The regulars at Brian's bar agreed. The talk that night last week had been of the front-page picture on the New York Post. It was a close-cropped head-shot of a young GI in Fallujah, face smeared with fatigue and camouflage paint, and a daub of what on closer examination was revealed to be a splatter of dried blood down the bridge of his nose.
The face of battle - yes, but it wasn't the 10,000-yard stare of eyes fresh from combat that had the regulars' attention. It was the just-lit cigarette dangling from the soldier's lips.
"So that's how it works," quipped Brian. "Shoot a fookin' sand goblin, win a fookin' fag."
The regulars chuckled, as Americans always do at that imported word, which means gay, and only gay, on this side of the Atlantic. But they got his drift, and one of the patrons wondered if the soldier and his M-16 might not find fruitful employment on New York's home front.
"Mr Mayor, you son of a bitch," he began, making a gun with index finger and upraised thumb, "you're dead." Then, in defiance of the Big Apple's draconian smoking laws, he exhaled a plume of ostentatious rebellion towards the yellowed ceiling. "Fook you, Mr Michael Bloomberg," added Brian.
That's the way it works these days in allegedly smoke-free New York, where the city's two-year-old smoking ban has ushered in an entirely new social ecology.

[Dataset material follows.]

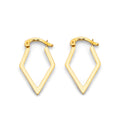 14K Yellow Gold Diamond Shape Hoop Earring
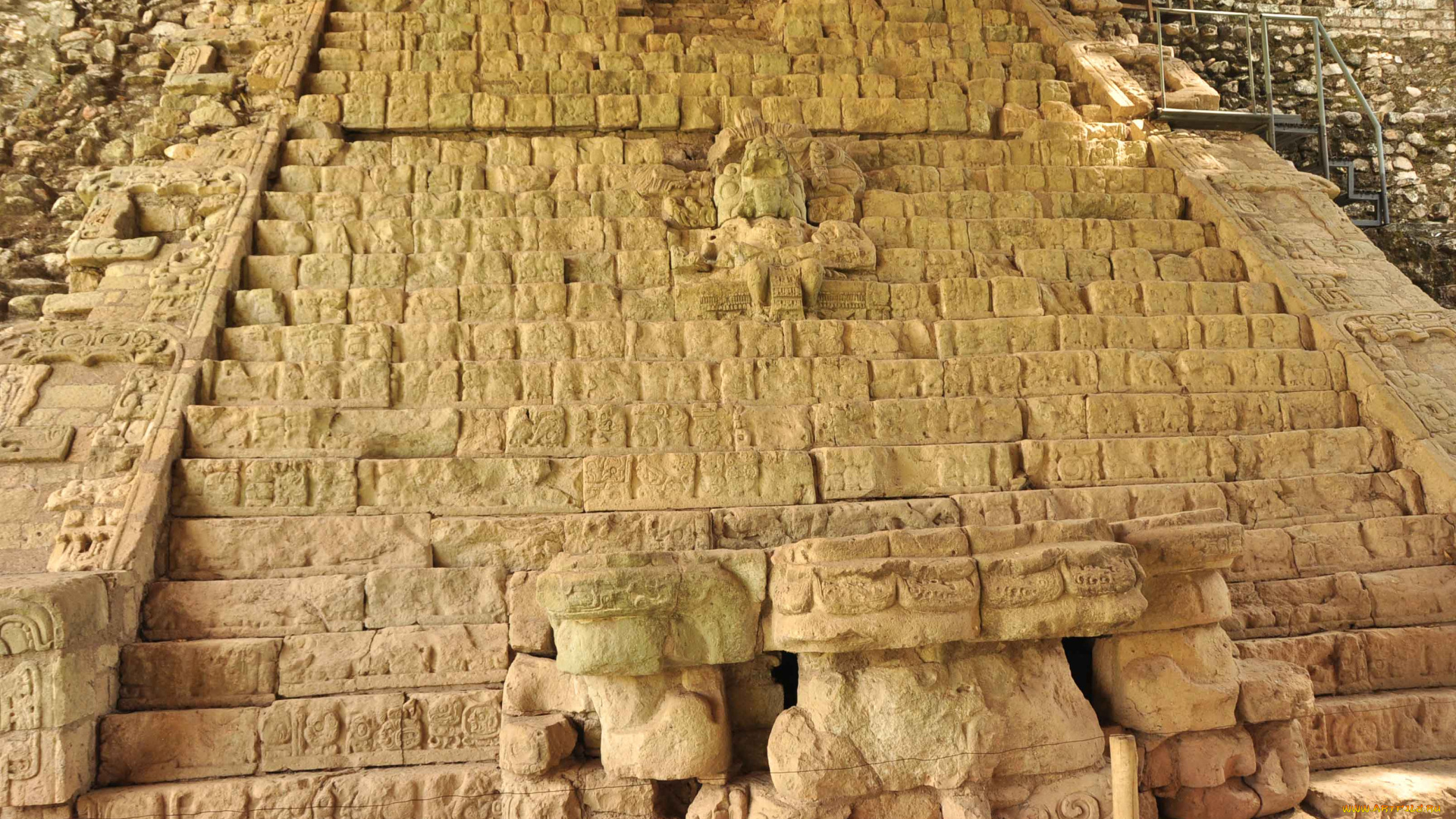 great, stairway, of, copan, разное, элементы, архитектуры, майя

At the chic bars and eateries, the ones that depend on high-volume turnover, even an unlit cigarette raised to the lips will bring an immediate warning to get the hell outside and light up on the sidewalk. With fines running as high as $2000 per violation, no eatery will risk the penalties.
But in the little neighbourhood joints, the ones that depend on regulars and locals, well, that's a different matter altogether. At first, when the ban was fresh, the hole-in-the-wall joints tried to uphold it. Trouble was, it proved financially ruinous.
One bar, Fiddler's Green on West 48th Street, had survived for decades through blackouts, crime waves and even an armed hold-up. But the smoking ban did it in. "Drinkers smoke, and the people who complain about smoking don't drink - not a lot anyway," said Brian.
So, after weighing the risks, he followed the example of barmen in scores of other low-rent joints and began distributing saucers to his late-night regulars. They have to be saucers because the mere presence of an ashtray - even a clean one - is taken as proof positive that illegal activities have been going on. Then the fines are issued.
No one is safe these days. Vanity Fair editor Graydon Carter, a diehard smoker and one of New York's premier arbiters of the chic and the cool, was bailed up in his office and fined by two little men from the health department, not once but three times. In office buildings, the presence of a single squashed butt in a stairwell is taken as proof that law-breaking goes on, and the landlord is slapped with fines.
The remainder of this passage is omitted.